Your task: Below are records with pictures in them. Transcribe everything from the line containing "How old are" down to the line containing "What are the", exactly, and leave the pictures behind.

Data records:
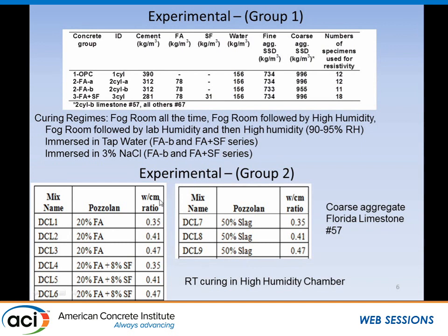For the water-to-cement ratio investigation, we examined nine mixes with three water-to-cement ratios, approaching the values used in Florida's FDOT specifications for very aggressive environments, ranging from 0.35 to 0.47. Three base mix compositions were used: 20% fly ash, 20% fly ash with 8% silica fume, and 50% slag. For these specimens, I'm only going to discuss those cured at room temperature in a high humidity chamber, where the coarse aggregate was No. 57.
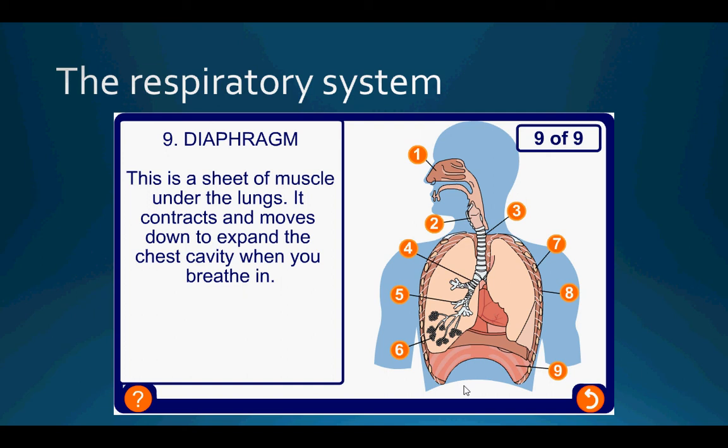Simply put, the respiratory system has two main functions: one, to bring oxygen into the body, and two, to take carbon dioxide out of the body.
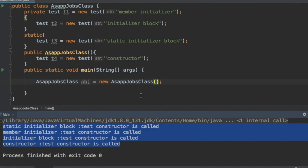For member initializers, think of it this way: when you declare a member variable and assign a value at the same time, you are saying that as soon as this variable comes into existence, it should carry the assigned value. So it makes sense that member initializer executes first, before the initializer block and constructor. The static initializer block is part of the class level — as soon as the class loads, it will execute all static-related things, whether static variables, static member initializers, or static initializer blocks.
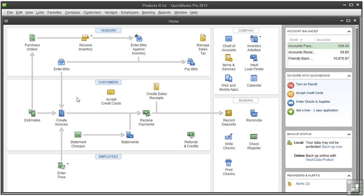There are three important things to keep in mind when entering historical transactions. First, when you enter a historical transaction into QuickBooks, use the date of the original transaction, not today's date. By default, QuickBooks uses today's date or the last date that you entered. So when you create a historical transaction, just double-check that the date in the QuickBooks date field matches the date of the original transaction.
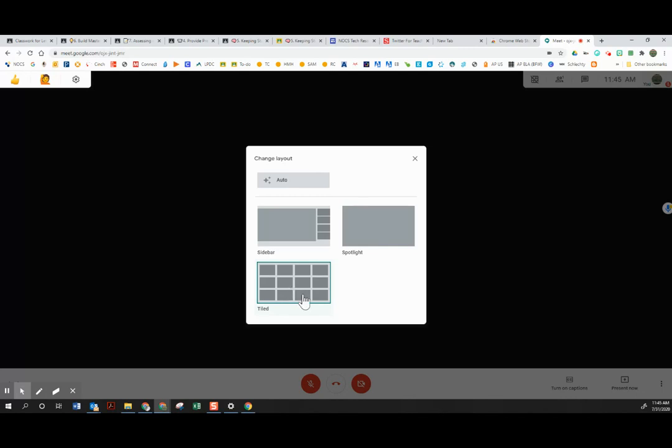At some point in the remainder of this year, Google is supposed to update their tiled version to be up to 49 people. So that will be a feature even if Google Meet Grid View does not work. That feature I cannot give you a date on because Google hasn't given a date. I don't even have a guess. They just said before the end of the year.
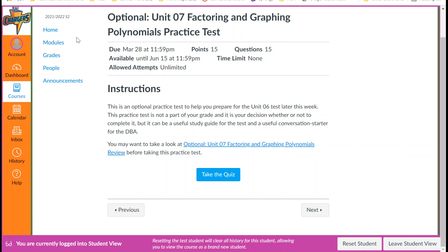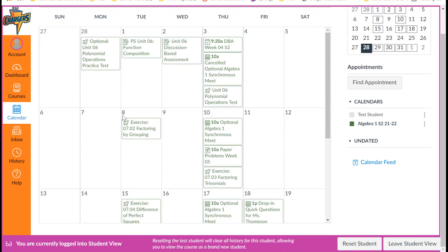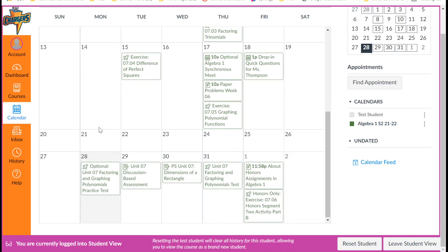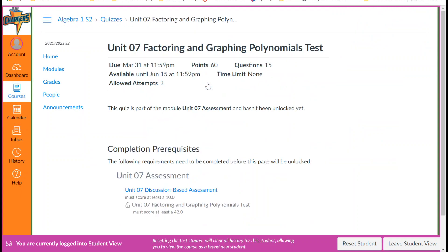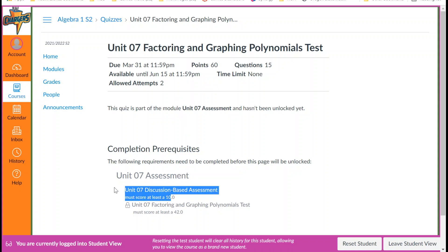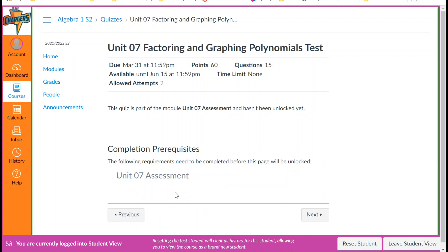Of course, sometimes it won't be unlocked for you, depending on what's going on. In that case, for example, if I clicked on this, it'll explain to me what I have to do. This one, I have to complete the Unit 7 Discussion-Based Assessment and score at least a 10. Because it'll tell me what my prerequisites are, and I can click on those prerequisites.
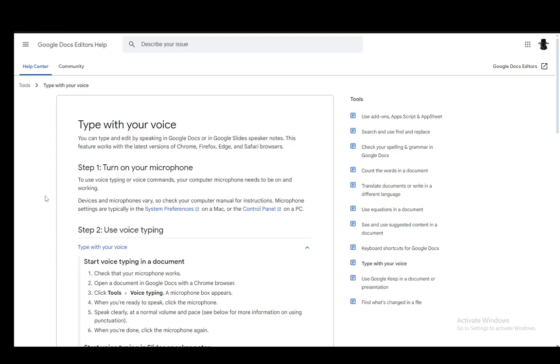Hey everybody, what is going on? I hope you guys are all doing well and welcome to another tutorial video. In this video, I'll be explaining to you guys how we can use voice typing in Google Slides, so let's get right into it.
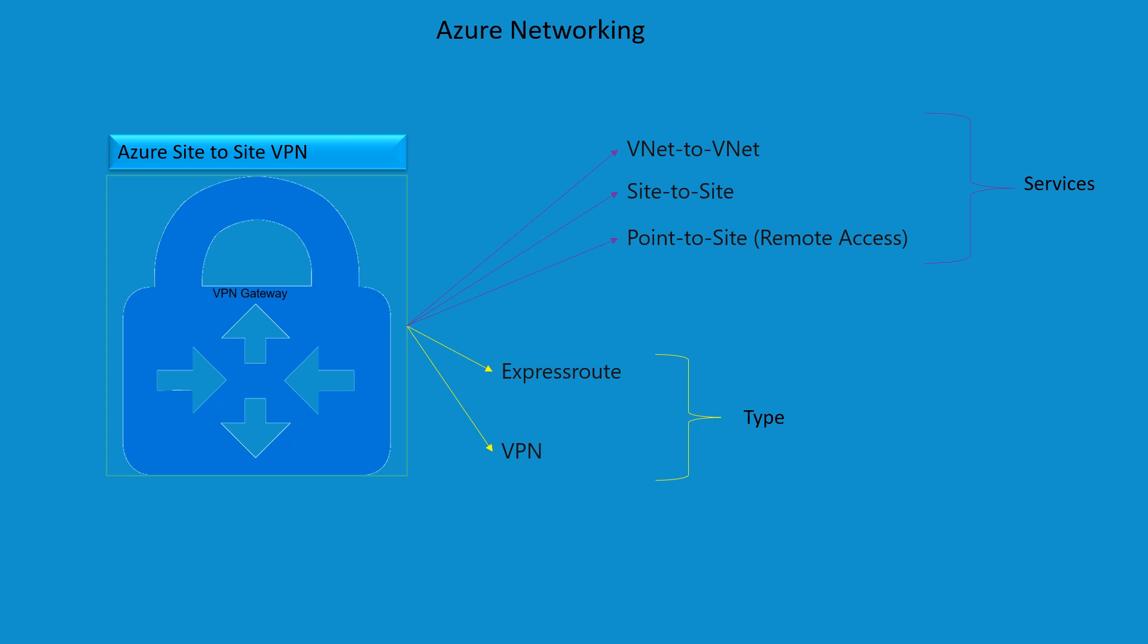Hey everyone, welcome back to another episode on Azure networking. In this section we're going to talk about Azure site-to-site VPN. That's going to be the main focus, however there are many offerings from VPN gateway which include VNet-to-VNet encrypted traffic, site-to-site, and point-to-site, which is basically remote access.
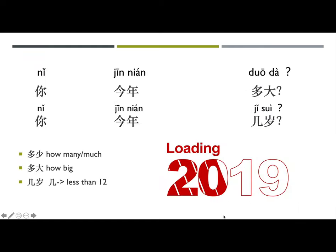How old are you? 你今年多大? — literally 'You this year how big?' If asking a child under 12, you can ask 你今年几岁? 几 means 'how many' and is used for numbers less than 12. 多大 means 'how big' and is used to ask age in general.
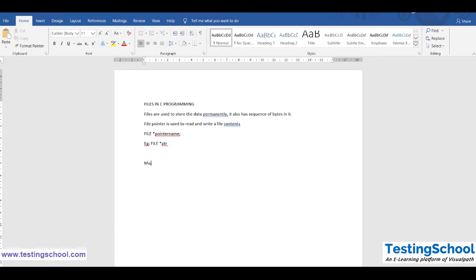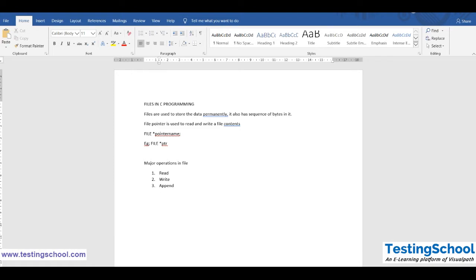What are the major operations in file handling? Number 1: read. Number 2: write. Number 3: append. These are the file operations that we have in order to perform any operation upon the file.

--

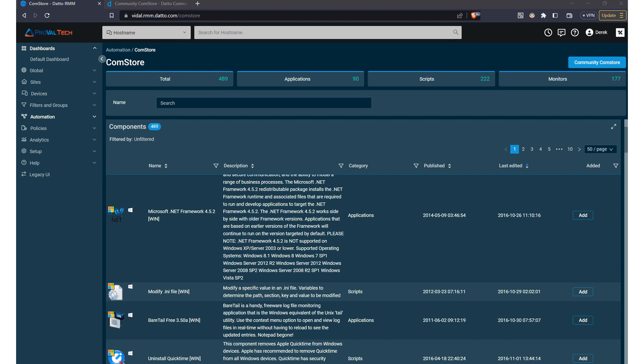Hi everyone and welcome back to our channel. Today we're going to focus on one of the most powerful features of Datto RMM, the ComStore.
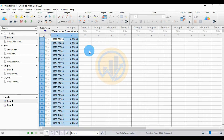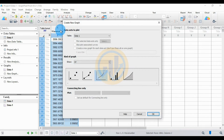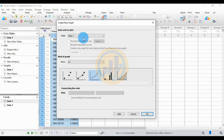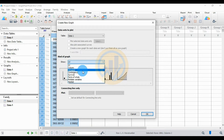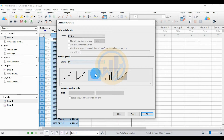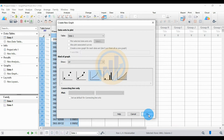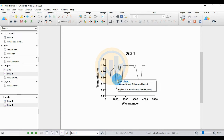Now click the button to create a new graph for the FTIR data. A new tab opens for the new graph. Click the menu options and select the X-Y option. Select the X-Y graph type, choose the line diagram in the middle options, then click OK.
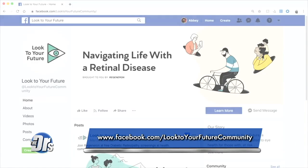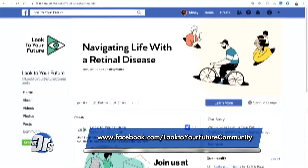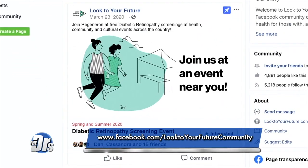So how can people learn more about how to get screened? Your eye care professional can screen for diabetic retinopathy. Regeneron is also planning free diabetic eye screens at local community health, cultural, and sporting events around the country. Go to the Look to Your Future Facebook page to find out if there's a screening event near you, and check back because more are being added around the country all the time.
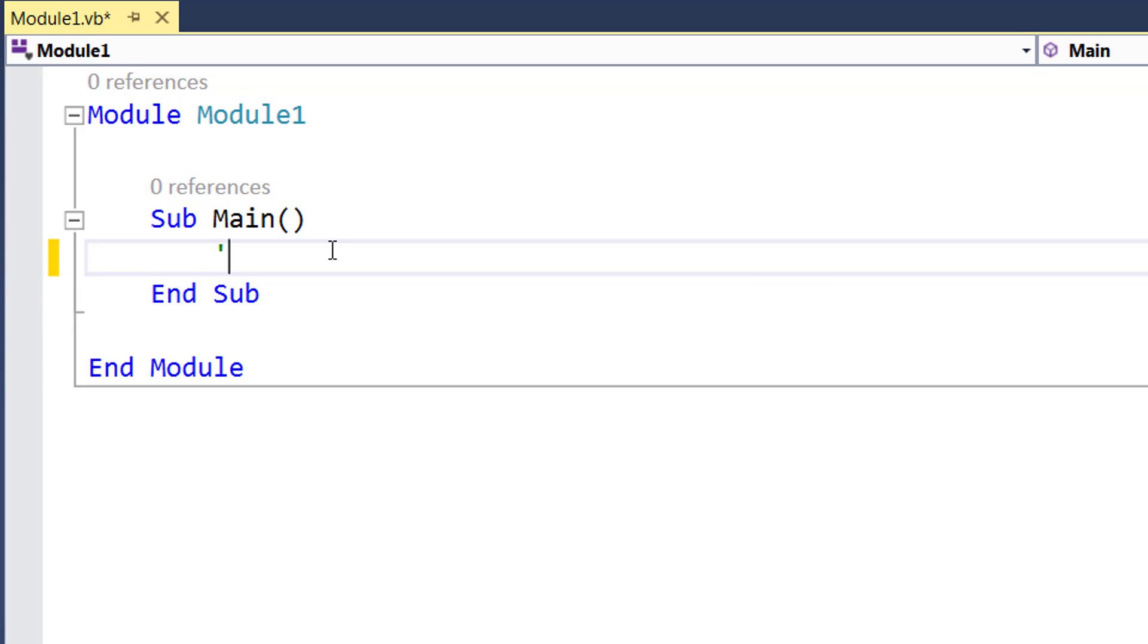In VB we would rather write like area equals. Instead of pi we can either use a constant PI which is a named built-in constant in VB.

==

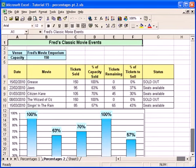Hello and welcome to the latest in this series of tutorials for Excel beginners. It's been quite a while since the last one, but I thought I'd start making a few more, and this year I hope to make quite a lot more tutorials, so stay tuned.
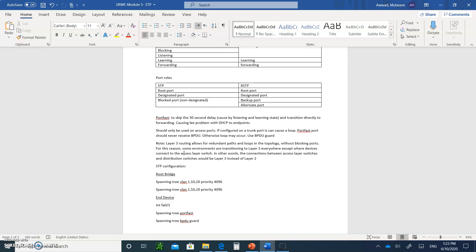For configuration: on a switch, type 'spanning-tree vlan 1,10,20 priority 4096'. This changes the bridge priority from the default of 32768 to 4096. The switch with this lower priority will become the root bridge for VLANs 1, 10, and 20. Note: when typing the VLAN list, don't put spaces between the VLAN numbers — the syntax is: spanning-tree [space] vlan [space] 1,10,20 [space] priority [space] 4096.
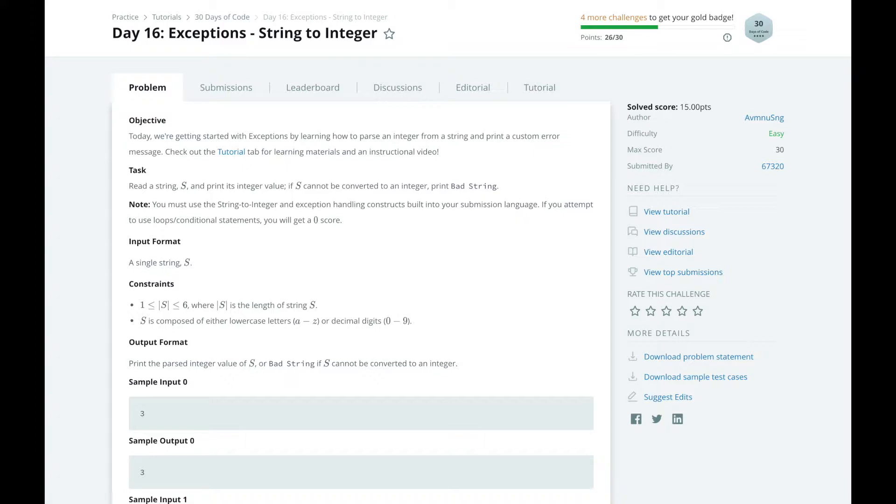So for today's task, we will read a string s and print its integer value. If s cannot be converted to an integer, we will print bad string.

Solution to this exercise:
How old are you? 你今年多大? — literally 'You this year how big?' If asking a child under 12, you can ask 你今年几岁? 几 means 'how many' and is used for numbers less than 12. 多大 means 'how big' and is used to ask age in general.
What are the major operations in file handling? Number 1: read. Number 2: write. Number 3: append. These are the file operations that we have in order to perform any operation upon the file.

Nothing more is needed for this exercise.